Our house...

Our house is a farmhouse. It's surrounded on three sides by acres of farmland where crops are regularly grown. Over the summer it was sweetcorn; today I noticed, after tractors had been here late into the night last night, they had ploughed in readiness for potatoes. Last year courgettes, sometimes wheat. It varies. We bought this house nine years ago, along with the cottage next door, which up until now has been rented to tenants. Now we've knocked through and made it all one. Still with me?! Meanwhile we are working with an architect to draw up plans to refurbish and extend it all next year (or the year after) and deal with some of the issues that come from living in a house that has stood for hundreds of years.

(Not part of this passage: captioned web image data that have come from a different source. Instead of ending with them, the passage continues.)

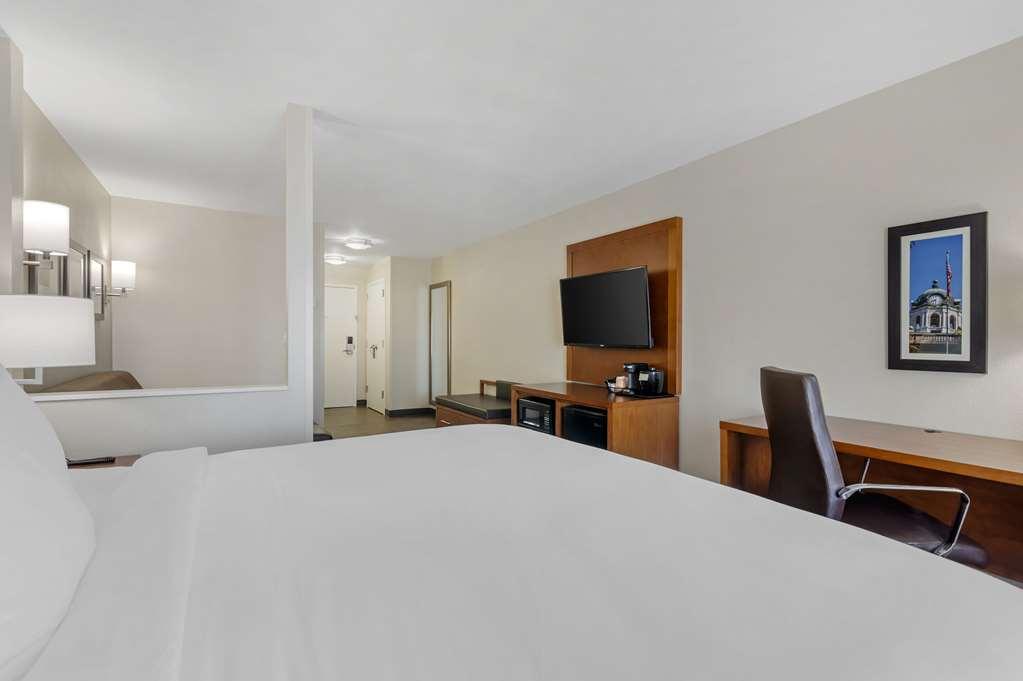Comfort Inn & Suites Брунсуик Стая снимка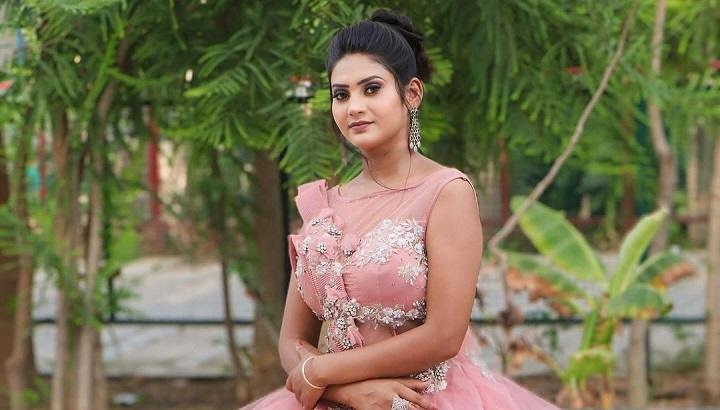 shivani kumari biography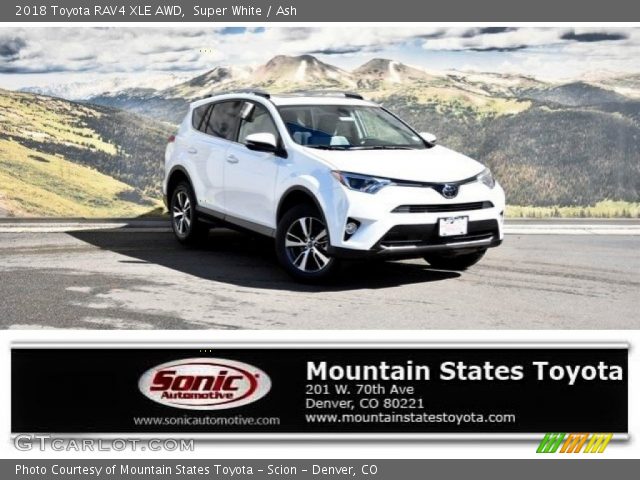 2018 Toyota RAV4 XLE AWD in Super White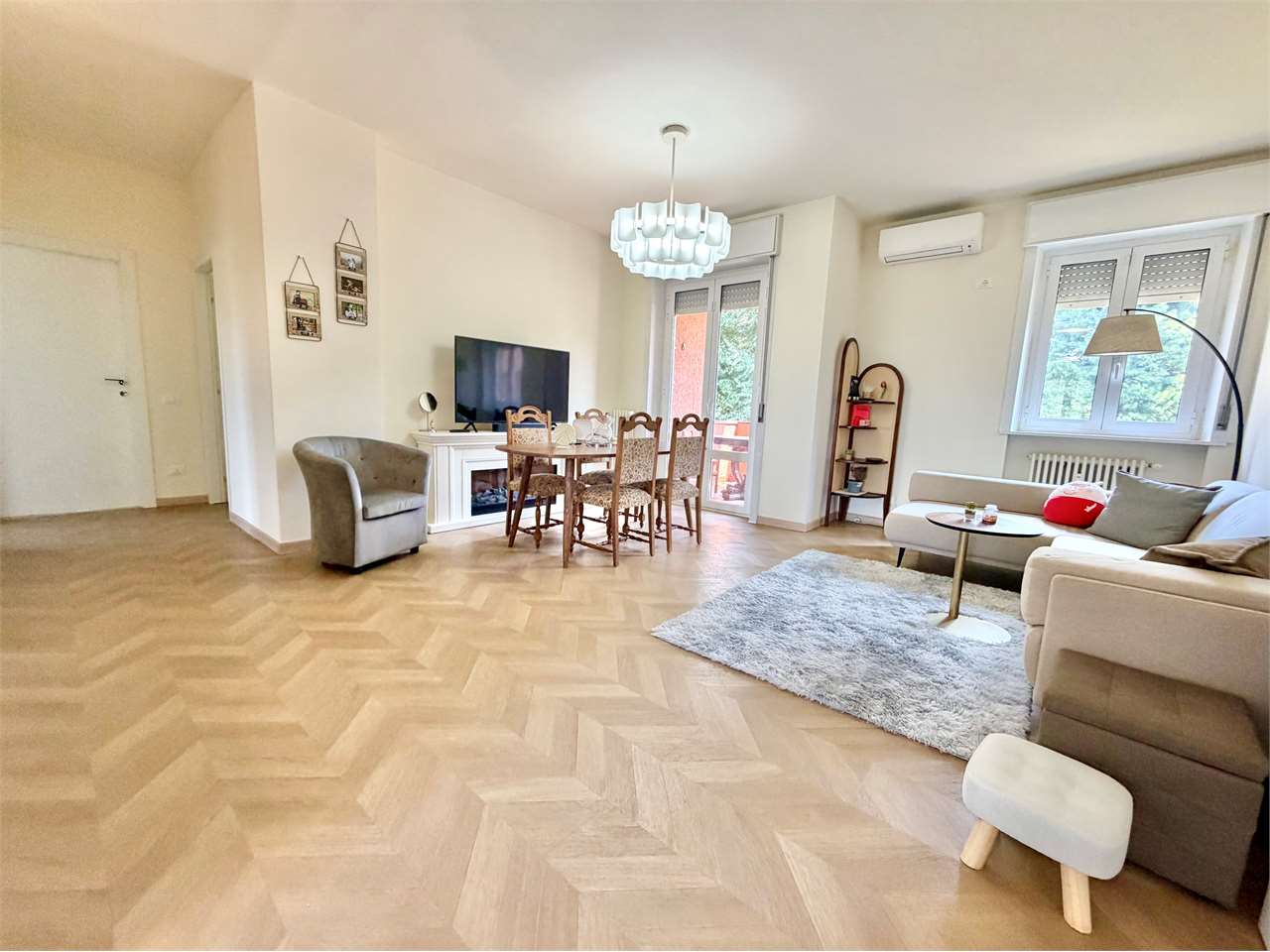 VENDITE Appartamento a Barzanò – foto 1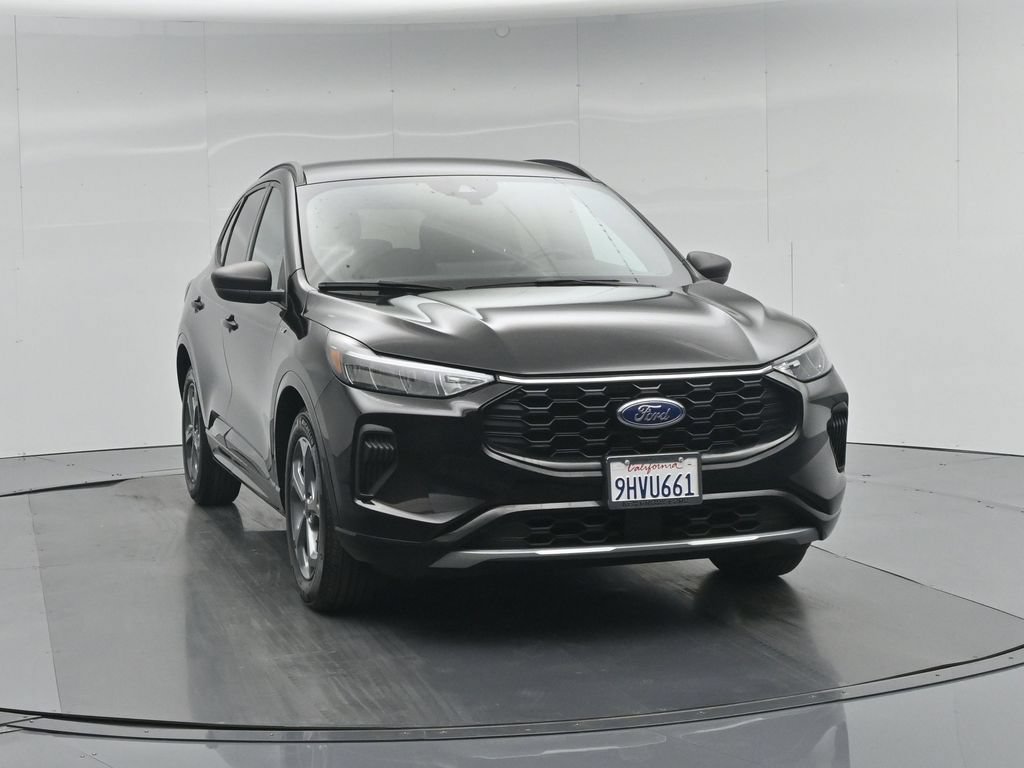 Certified 2023 Ford Escape ST-Line w/ Tech Pack #1 FWD image 56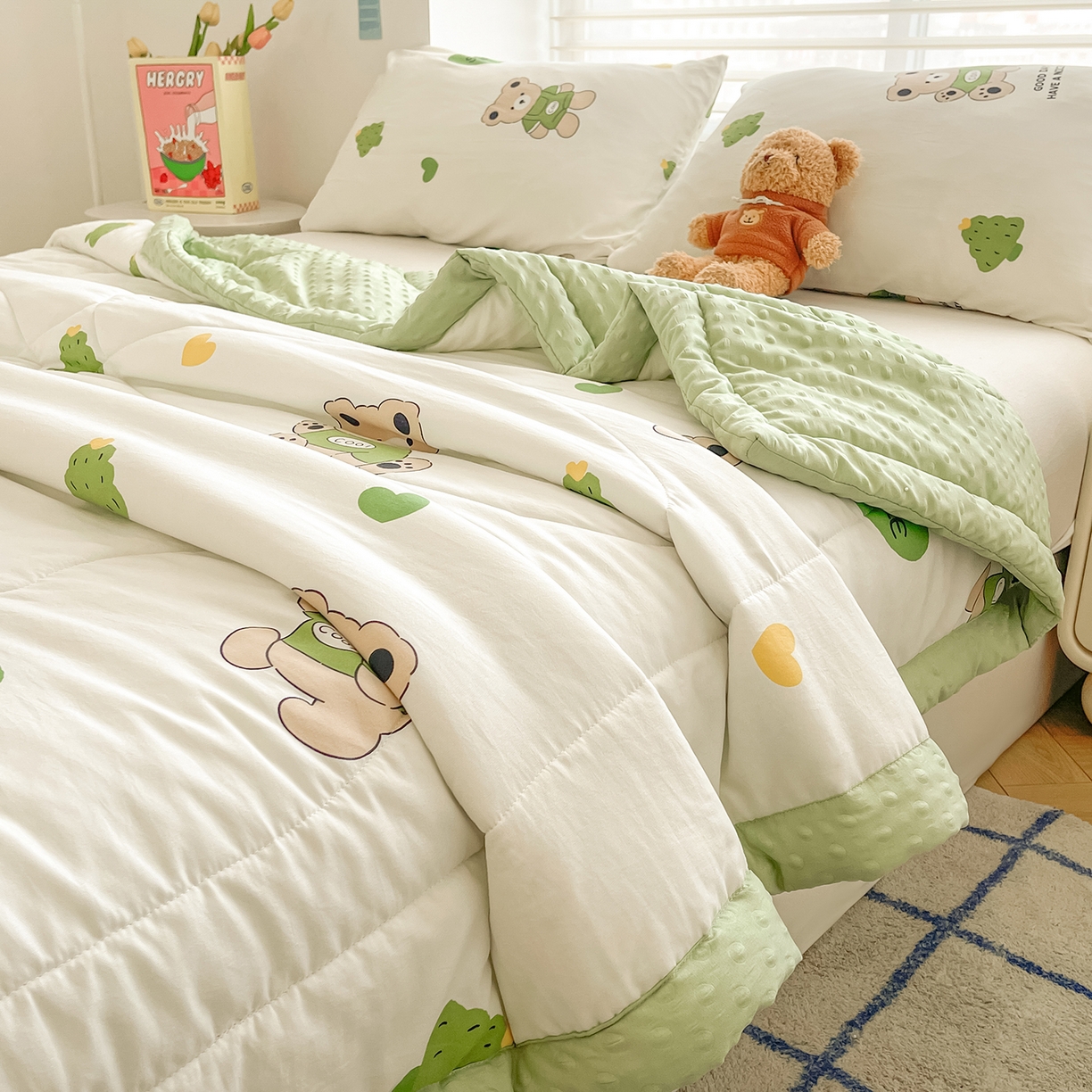 91家纺网 家纺一手货源 找家纺 悦织语 2026新款A类水洗棉双层纱豆豆被大豆夏凉被 米洛熊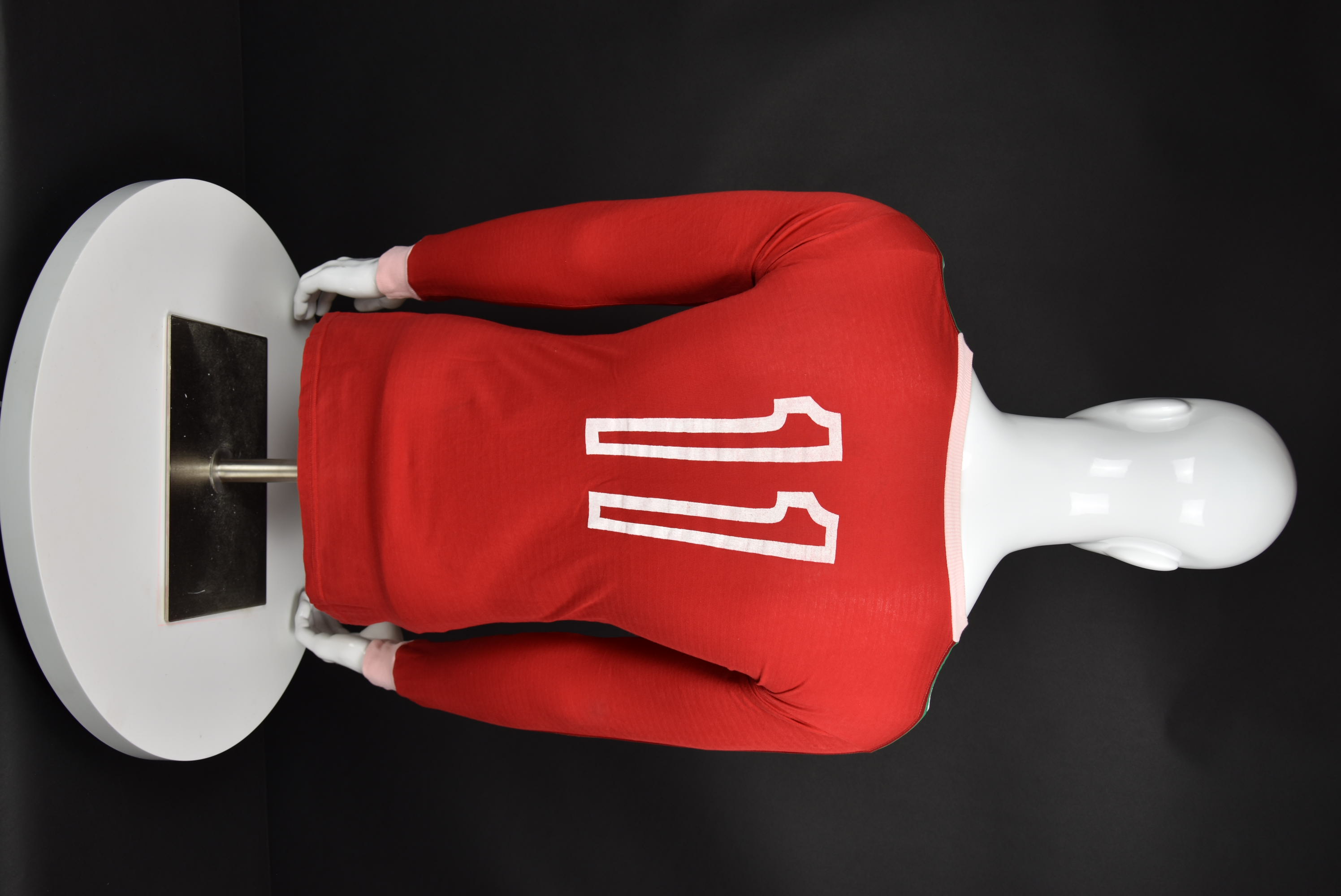 Неизвестен back photo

Some of the walls are over a foot thick, the outside is flint and brick, some of it crumbling. It's covered with vines and roses and wisteria; which I am sure is what are holding the place up. There is a not a right-angle to be found here and some of the walls swoop like a ski slope from ceiling to floor. It's rough around the edges; not all clean and modern, it has exposed beams and water pipes attached to the walls and generally could do with a complete overhaul. It also has some drainage problems outside and in the winter, we pray that it doesn't rain too much so that our pipes don't start backing up. Seriously, having an old house is a labour of love. But we've come to know each other; the house and I.



I know when I come downstairs in the cooler months, that the fourth step will let out a loud creak, so I step over it to give the rest of the family more sleep. The morning sunrises are beautiful - Boo keeps running out early to Instagram them, so I see footprints in the dew as a tell-tale sign. The heating pops and cracks and fizzles. And there is moss growing on the roof and that softens the sound of rain. And when it's really windy outside, because it is surrounded by open fields, sometimes it feels like the whole place is going to take off, such is the noise. Those days it's best to just light the wood burner and hunker down. The garden has about twelve apple trees all of which are prolific and these months I have so many apples I literally don't know what to do with them. Chutney anyone?

...crumbling brick...
...vines holding it up...
...beams...

...the decrepit cooker...

...corn...

...so many apples...

...wisteria...

...sunrise...

...apple trees...
It's a good house; people often say when they come that it has a warm feel to it. I did wonder if it was haunted and spent the first six months that we lived here looking for signs. I then decided that yes, people had surely passed away here and its walls will have borne witness to all sorts of human dramas, but I have learned to quite like that.

So working with an architect is interesting. If you build a house from scratch you can choose anything, build your dream house, whereas we are having to work around three hundred year old chimney stacks but nevertheless it has a fantasy feel to it. I notice that I spend time considering beautiful kitchens and bathrooms, lusting after architectural features, walls of glass and contemporary family living spaces. But I always come back to the fact that it's an old farmhouse and we must stick to the traditional feel of the place. I am having to hem myself in.

We talk about whether it is our 'forever' house and I do wonder. It's a chocolate box place, but it is on a busy road and the only way out is by car. We live just miles from the sea so I still, deep down, hanker after a water view; but you need millions for that! Lottery ticket?! Who knows?! We've spent years making it our own and I can see more of that to come. And maybe when you get it 'just right' that's the time to leave? Or sit back and enjoy? Actually as I write this, I can't imagine leaving! What would be your 'forever' house?